8 Responses to “A not-so-mild form of autism”
Leave a Reply
Rachel on April 28th, 2009 Rachel(Quote)
James, I agree with you. The term “mild autism” is misleading. I generally call AS a “high-functioning form of autism.” To me, that means that “autism” is the operative word, and “high-functioning” describes how I’m managing with it–on a good day, that is. On a bad day, I skip the whole autism label completely and say that I have a neurological disability.
Some of my friends have been shocked when I told them that I have high-functioning autism, because I mask it fairly well, and because they were accustomed to thinking of autism only in its most severe form. But their shock means that they understand that I’m dealing with a pervasive and difficult condition. I’m not sure that calling it “mild autism” would get the same message across.
James on April 29th, 2009 James(Quote)
Rachel,
That is a very well thought out way of explaining your condition to people. Indeed it makes so much sense to me that I think I’ll likely use something similar once I eventually go public – which I think is looking like an inevitable step in the not too distant future.
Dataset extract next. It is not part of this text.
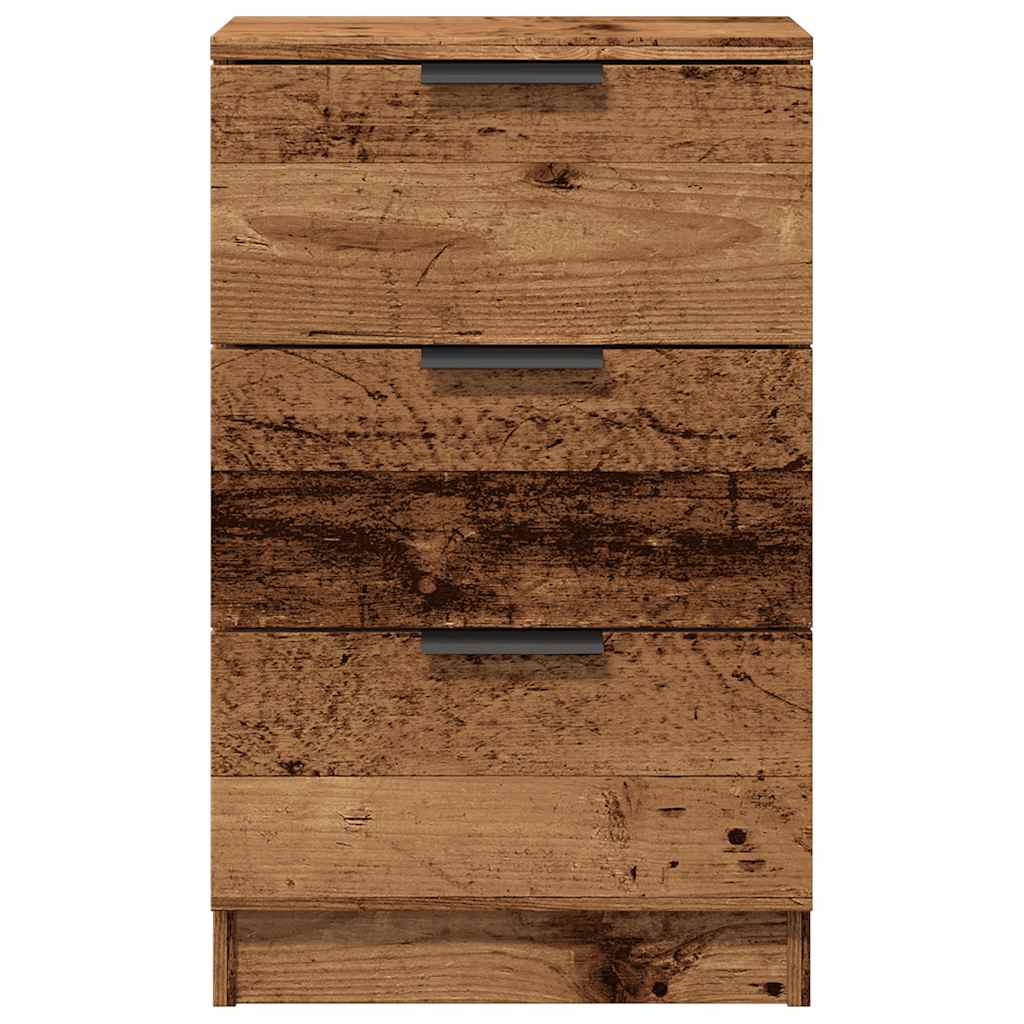 Bedside Cabinet Old Wood 40x36x65 cm Engineered Wood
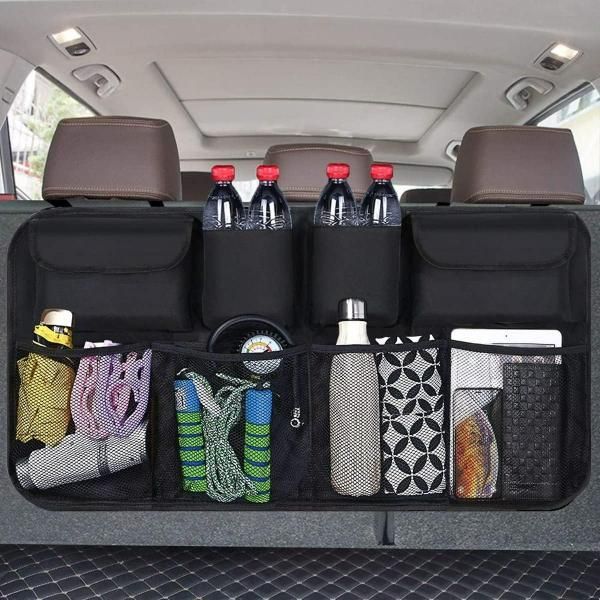 Waterproof Car Backseat Trunk Organizer – Foldable Multi-Compartment Storage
I’m certainly not going to be using the word ‘mild’ in any of my descriptions though…
leica on April 28th, 2009 leica(Quote)
One thing that struck me was “poor you.” There’s always that struggle between wanting sympathy and understanding while not wanting pity. Too bad there isn’t a pithy word for the sort of understanding being sought.
I agree with Rachel in the previous comments about wanting to escape labels. In fact, lately, I keep wondering about the differences between traits and disorders.
I asked my GP about getting AS diagnosed and he mentioned he didn’t like the idea because he didn’t think labels did any good, but often did harm.
So I’m starting to see some of my traits as just traits. Is it AS? I don’t know. Would knowing change them? No, but learning what I do differently and developing ways of making the most of those traits hopefully will. *knock wood*
Very thought-provoking article – thanks.
Gavin Bollard on April 29th, 2009 Gavin Bollard(Quote)
To be honest, it’s like saying that a Maltese terrier has a mild type of canine-ism compared to a Doberman. They’re different, but they’re both dogs – and thus both quite different from cats.
All people on the spectrum bring a different set of strengths and weaknesses. One is not always necessarily better or more desirable than the other. Just different.
I’m not only comfortable with my aspergers but I consider it to be part of my identity. I would not be the same without it.
I’m always fearful of a possible “cure” because I wonder; if they managed to prevent creation of any more people on the spectrum, would it really be a “good thing” for humanity as a species?
Anon on April 29th, 2009 Anon(Quote)
I think I might take a cure.
James on April 29th, 2009 James(Quote)
Anon,
I respect your thoughts, and clearly there isn’t a right answer – just what feels appropriate to each individual person.
James on April 29th, 2009 James(Quote)
Leica,
Yes – in my book at least, knowing and understanding your traits is immensely liberating and puts many things into perspective. You have to choose the path that works best for you, and if that means not applying a label then that’s the way to go.
I personally find a label to be important, because it allows others an easy starting point to describe my condition. They may know nothing about Asperger’s but if they are interested, they can go away and do some reading – I don’t have to spend a lot of time explaining everything if I don’t want to.
I also think there are many people who dismiss conditions that people themselves have diagnosed without professional input. One of the reasons why I feel getting the Asperger’s box officially ticked is that I can then wave a piece of paper in front of people’s noses if I have to – a last resort tactic if you like.
James on April 29th, 2009 James(Quote)
Gavin,
What a lovely metaphor!
A also share your fear about the use of genetics to prevent births of those with autistic genetic markings.
Whilst it’s theoretical only right now, I’m sure it won’t stay that way.
If I was destined to start my life 50 years in the future would I never be born? Not a comfortable thought at all.